Task brief:
Write out all records as given; omit images.

Captioned web image data:
* * * * * * *
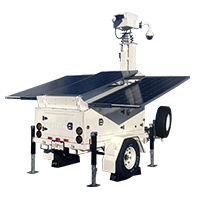 Construction Site Surveillance Solutions - Mobile Surveillance Trailer
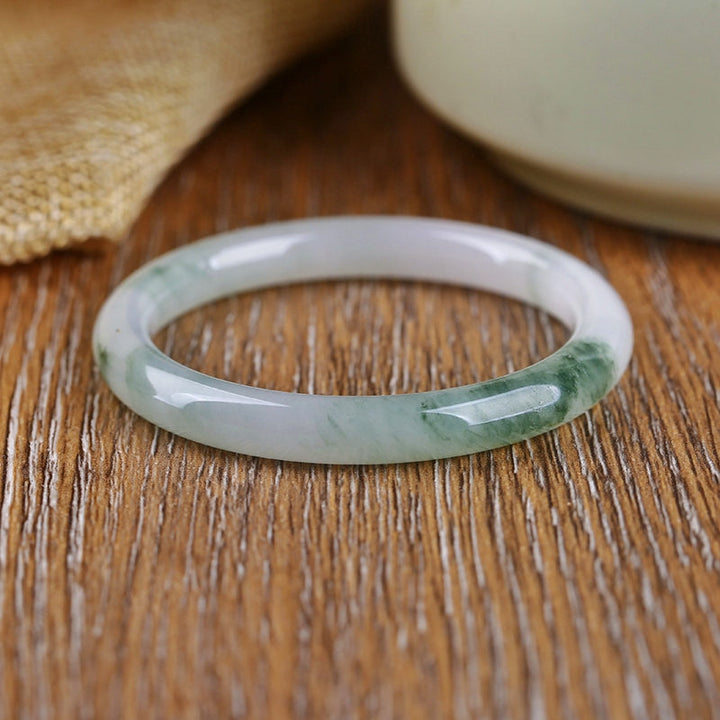 Braccialetto di protezione dell'abbondanza di giada naturale Buddha Stones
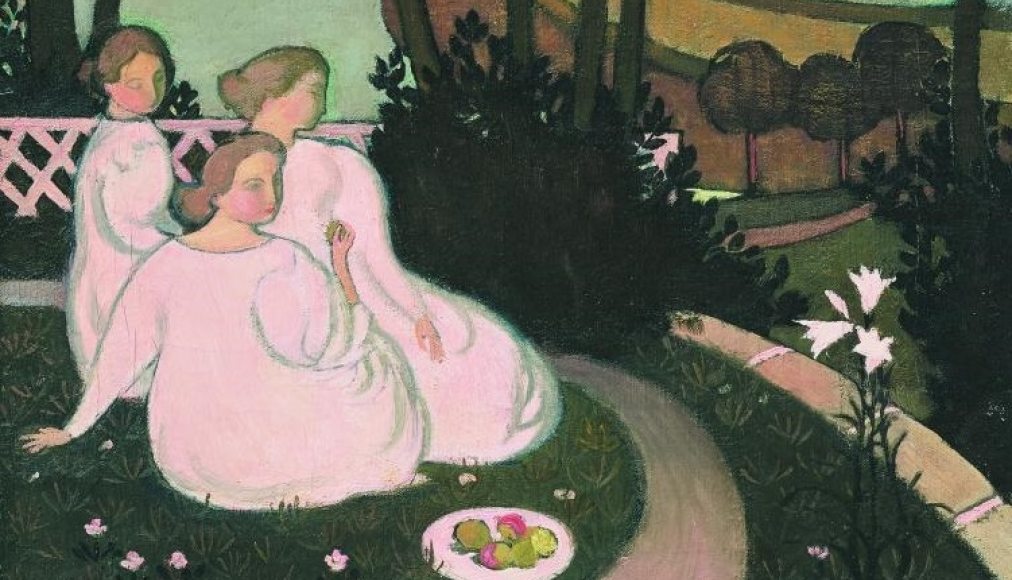 Maurice Denis, Légende de chevalerie (Trois jeunes princesses), 1893 MCBA. / ©MCBA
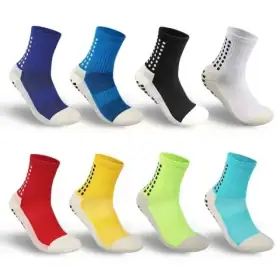 Meia Esportiva Masculina Cano Alto Antiderrapante para Futebol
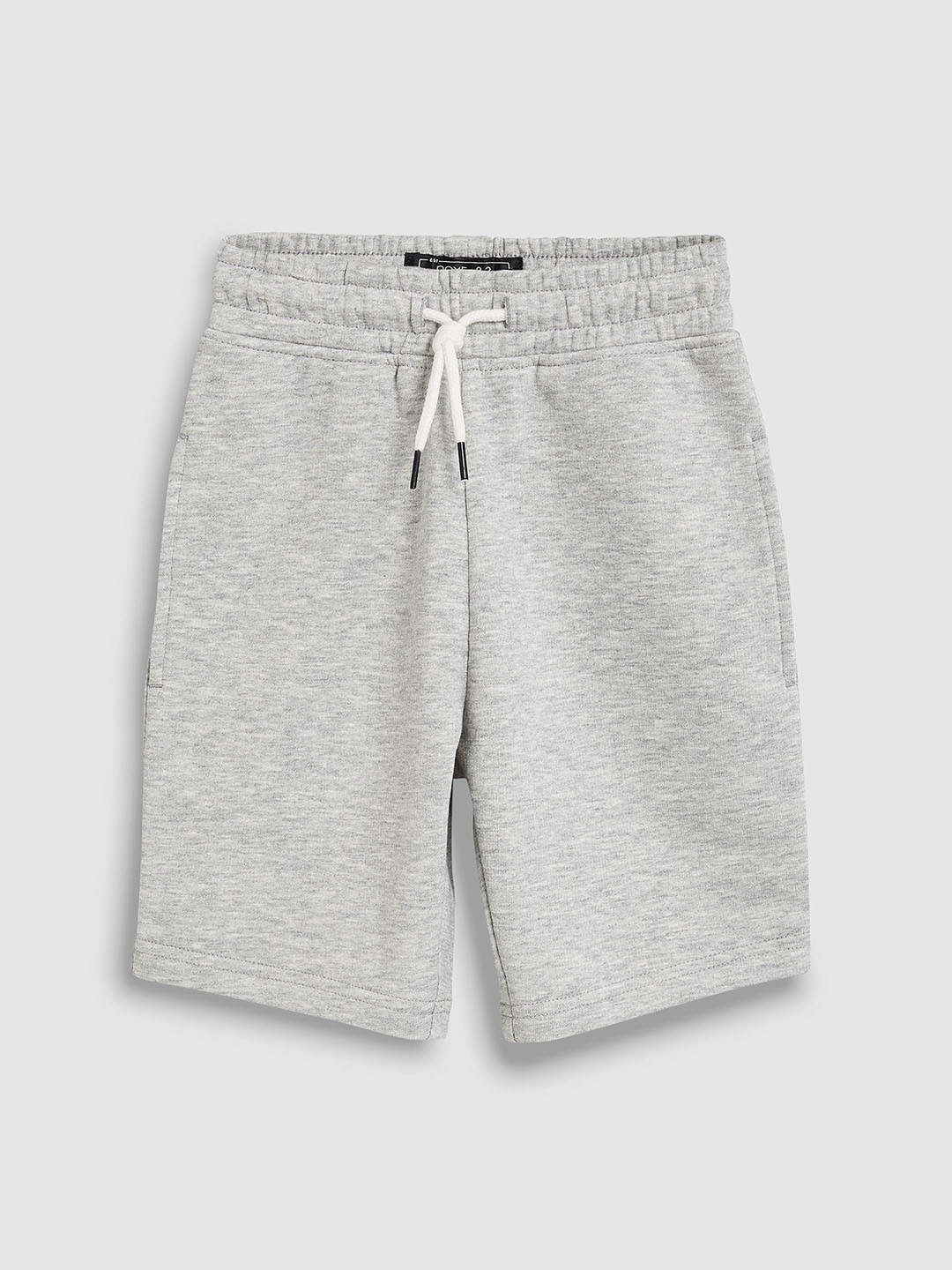 

next Boys Grey Solid Regular Fit Regular Shorts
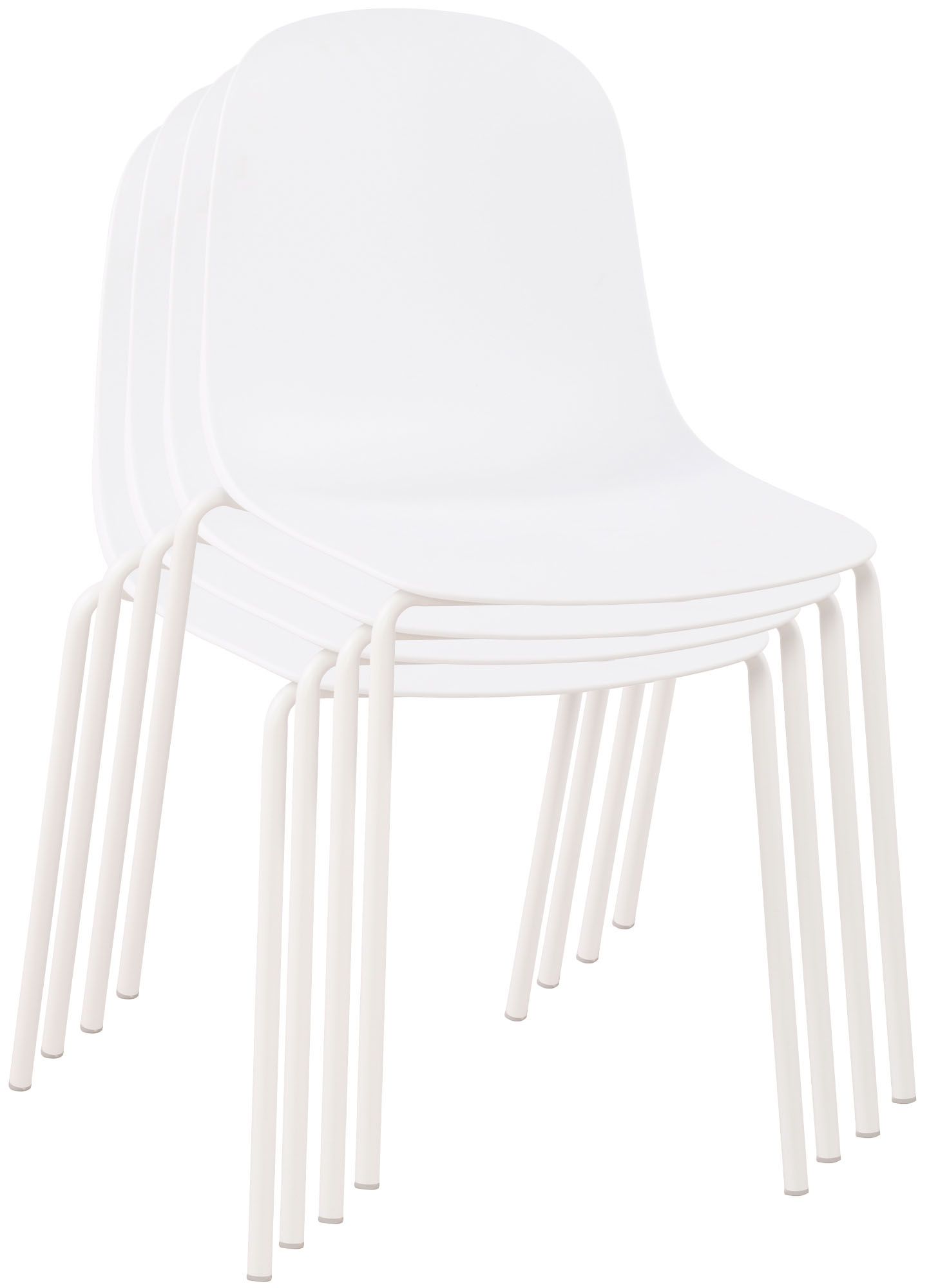 Conjunto de muebles de jardin Nerra con 4 sillas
* * * * * * *
Task solution:
 Construction Site Surveillance Solutions - Mobile Surveillance Trailer
 Braccialetto di protezione dell'abbondanza di giada naturale Buddha Stones
 Maurice Denis, Légende de chevalerie (Trois jeunes princesses), 1893 MCBA. / ©MCBA
 Meia Esportiva Masculina Cano Alto Antiderrapante para Futebol

next Boys Grey Solid Regular Fit Regular Shorts
 Conjunto de muebles de jardin Nerra con 4 sillas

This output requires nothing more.